Ogni due anni, il Ministero delle Finanze, di concerto con il MIPAAFT, provvede all’aggiornamento del decreto allevamenti, tramite cui è possibile determinare quali e quanti capi possono rientrare all’interno del reddito agrario ai fini della corretta determinazione delle imposte dirette.
A tale fine è stato quindi approvato il D.M. 15 marzo 2019, il quale è ancora in attesa di pubblicazione in Gazzetta Ufficiale, con cui il Ministero ha fornito numerose conferme e apportato alcune novità rispetto alla precedente formulazione contenuta nel D.M. 15 giugno 2017, il quale richiamava genericamente l’originario decreto del 2006.
A cosa serve il decreto?
Come noto, ai fini delle imposte dirette, le attività di allevamento possono essere distinte in tre macrocategorie:
- allevamenti condotti senza connessione con il terreno, i quali sono produttivi esclusivamente di reddito di impresa;
- allevamenti condotti in connessione con terreni potenzialmente idonei a produrre almeno un quarto dei mangimi necessari, i quali sono produttivi di reddito agrario;
- allevamenti condotti in connessione con terreni potenzialmente non idonei a produrre almeno un quarto dei mangimi necessari; tali attività sono produttive di reddito agrario per la parte coperta dai terreni, mentre l’eccedenza è tassata secondo i principi di cui all’art. 56, comma 5 del TUIR, ossia attribuendo a ciascun capo un reddito pari al valore medio del reddito agrario riferibile a ciascun capo allevato entro il limite medesimo, moltiplicato per un coefficiente idoneo a tener conto delle diverse incidenze dei costi.
Il decreto interministeriale approvato con cadenza biennale ha lo scopo di determinare entro quali limiti l’attività si considera produttiva di reddito agrario e di fissare valori e coefficienti al fine di quantificare l’impatto fiscale delle relative eccedenze.
A tale scopo, il D.M. 15 marzo 2019 si compone di tre tabelle: la prima individua le fasce di qualità del terreno, la seconda viene utilizzata per determinare la tariffa media di reddito agrario per ciascuna fascia di terreno e le unità foraggere producibili per ettaro, mentre la terza stabilisce quali siano le specie animali che rientrano nella determinazione del reddito a parametri, la durata del ciclo di allevamento e il relativo imponibile per ogni capo eccedente.
Cosa prevede il decreto?
In buona sostanza, all’interno del D.M. 15 marzo 2019 sono confermati tutti i valori già previsti dai precedenti documenti normativi, relativamente alle specie già contenute nei precedenti decreti.

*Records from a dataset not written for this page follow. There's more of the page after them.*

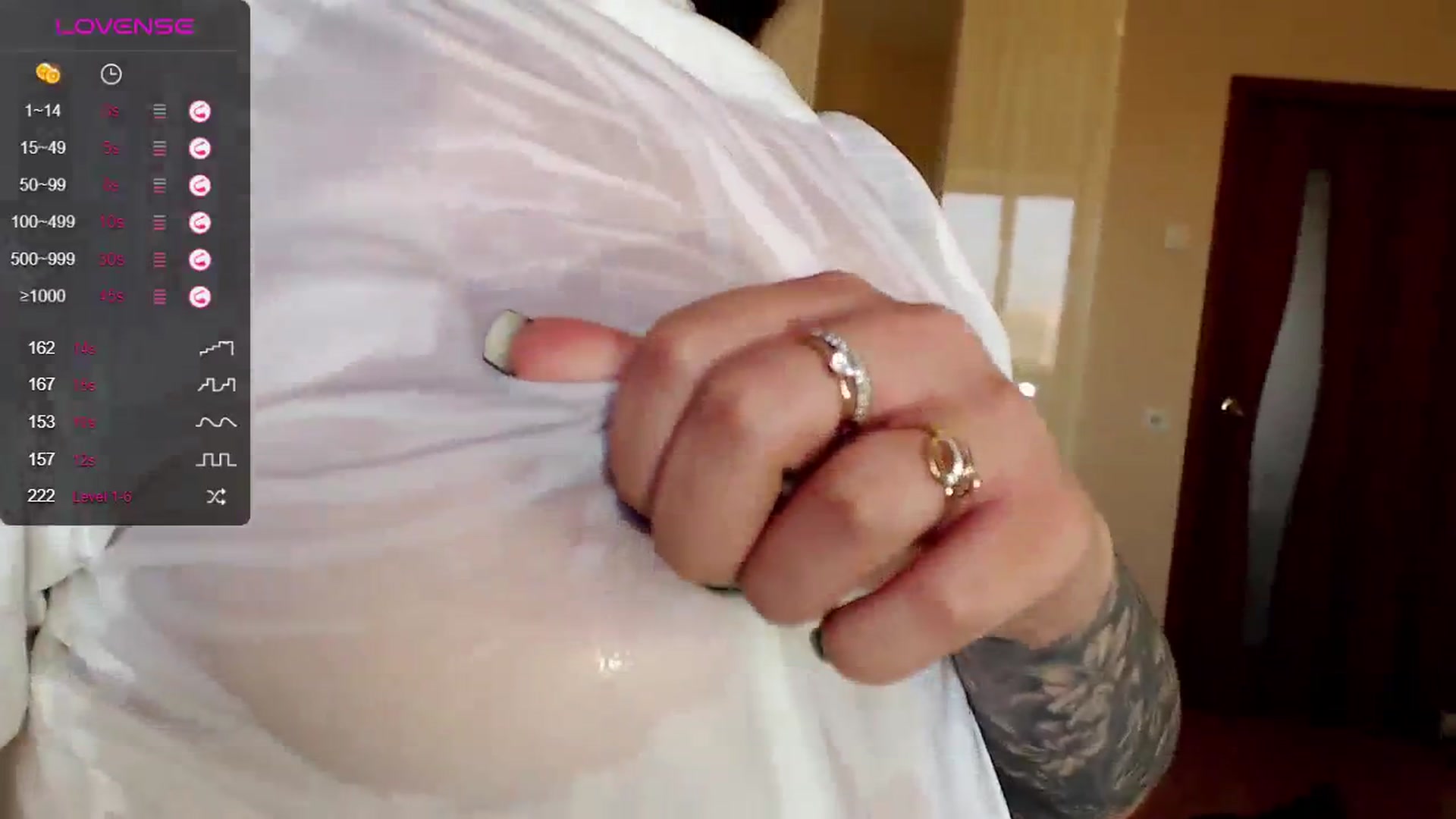 Gallery image thumbnail from CuteAlexa_'s myfreecams stream on, 02/01/2024, 08:55 image 11 of 20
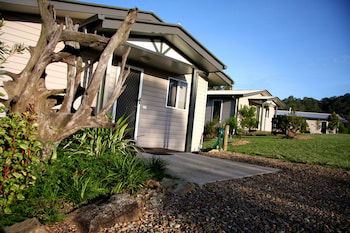 Yabbaloumba Retreat - Goulburn Accommodation 3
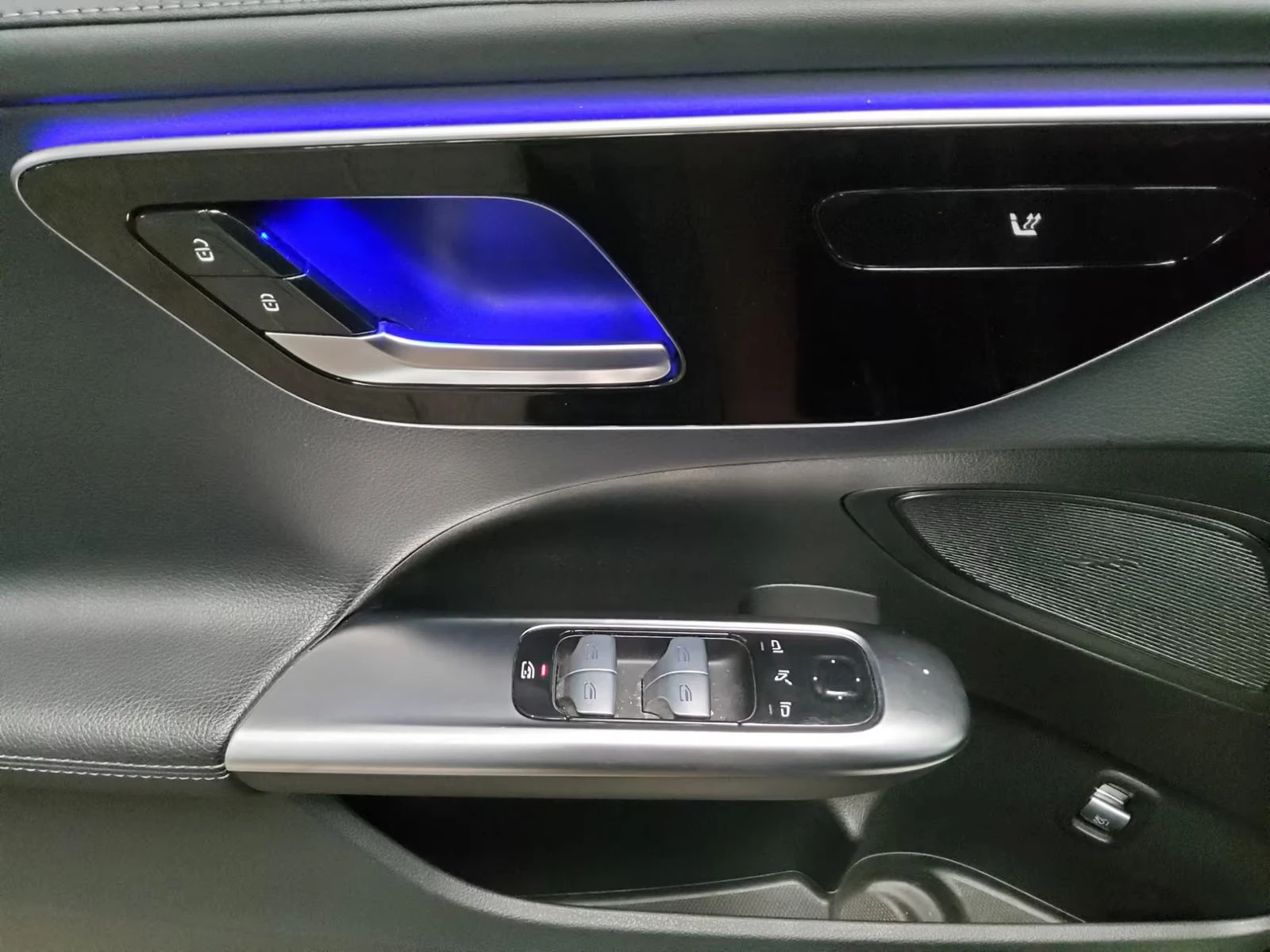 Mercedes-Benz C 220 AMG-LINE/200HP/DISTR+ /ACC/BSA/L.ASS/VCONTROL/848f | Mobile.bg   11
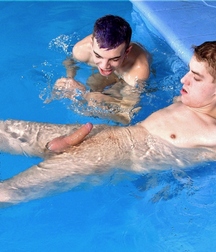 Sex in the Pool 5b6afd5f87ae9.jpg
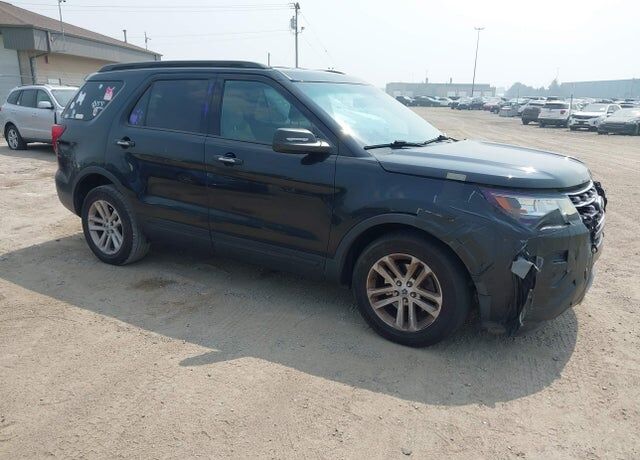 2017 FORD Explorer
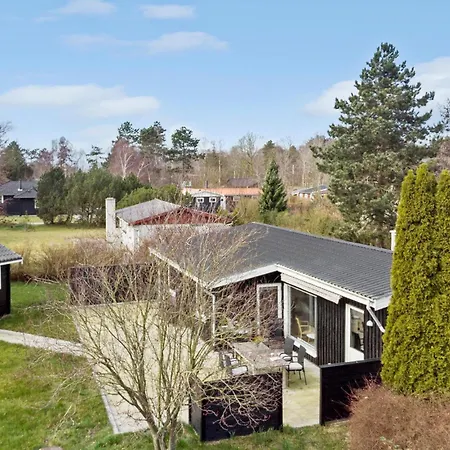 3 Bedroom Stunning In *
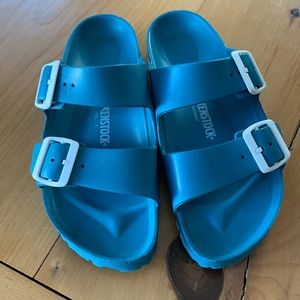 Water friendly Arizona Birkenstocks. Size 37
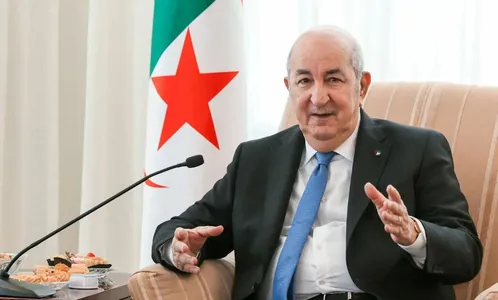 Türkmenistanyň Prezidenti Alžiriň Prezidentini Ynkylap güni bilen gutlady
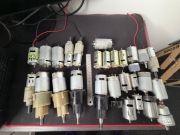 Zastaw 26 silniczków elektrycznych 12v i nie tylko RC sprawne.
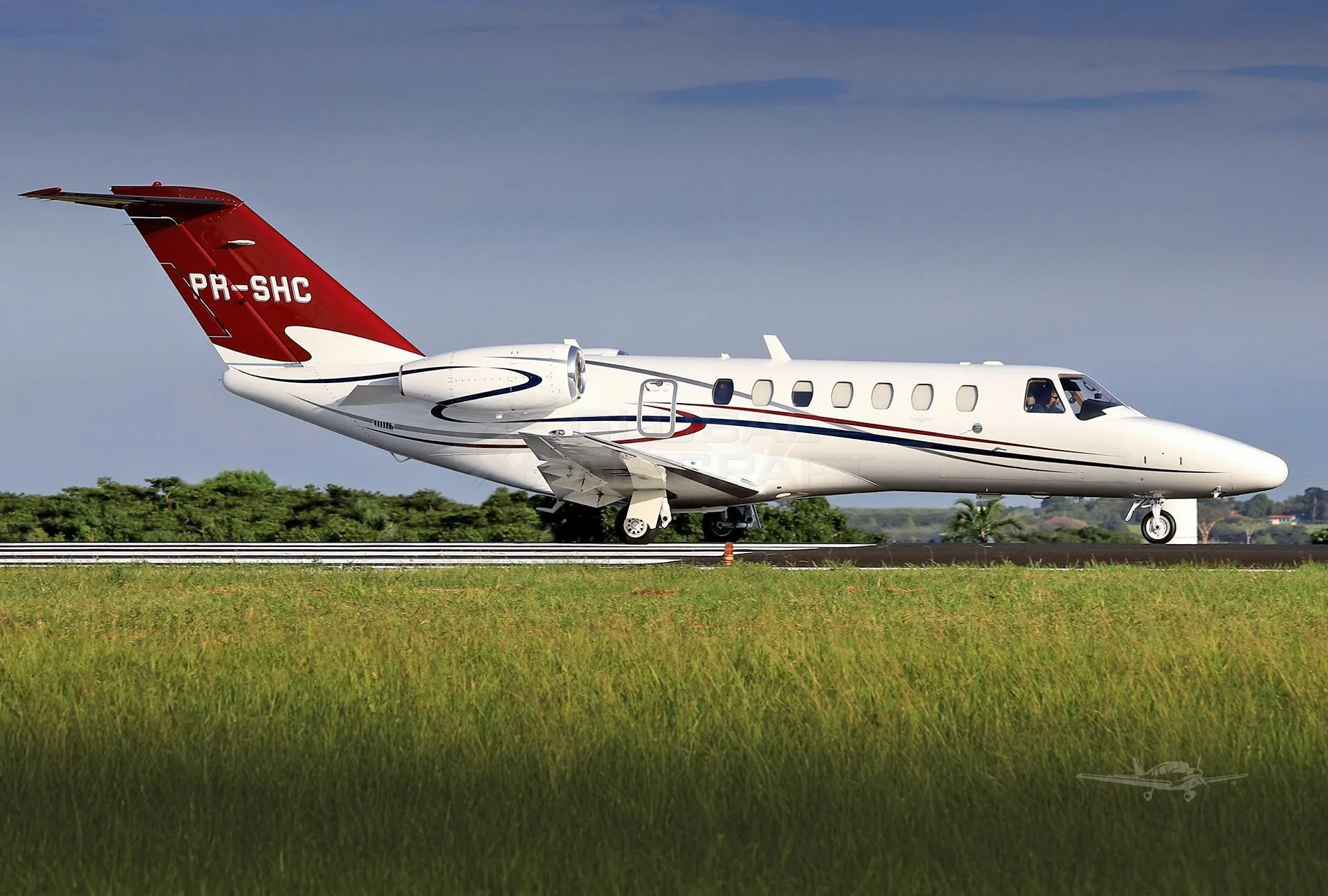 Exterior view of a 2008 CESSNA CITATION CJ3, PR-SHC.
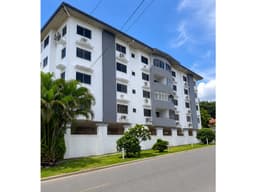 Apartamento en Venta en Parque Lefevre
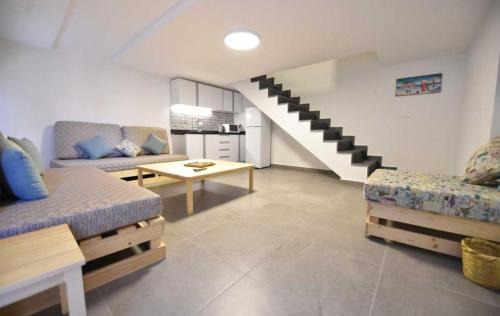 Batroun Apartamento | Sea Breeze Duplex Studio in Batroun Souk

La novità, invece, consiste nell’inserimento di nuove specie animali tra quelle che possono essere allevate all’interno del reddito agrario. In particolare, sono state aggiunte all’elenco:
- le tartarughe (con valori diversi in base all’età o alla dimensione del carapace);
- alcune famiglie dei camelidi, come alpaca, lama e guanachi.
In forza di tali modifiche, quindi, a partire dalla prossima dichiarazione dei redditi sarà possibile tassare in maniera forfettaria anche nuove categorie di animali, con interessanti risvolti per chi, fino ad ora, era costretto ad assoggettare a reddito di impresa interi allevamenti.
Ai fini dichiarativi, però, si attende una rapida risposta da parte dell’Agenzia, la quale dovrà procedere all’aggiornamento dei vari modelli Redditi che, ad oggi, non risultano ancora allineati con le novità normative.
La speranza è che, comunque, esso rappresenti un mero passaggio formale e non una fonte di disguidi e problemi in vista di una campagna redditi che si preannuncia, come ogni anno, bollente.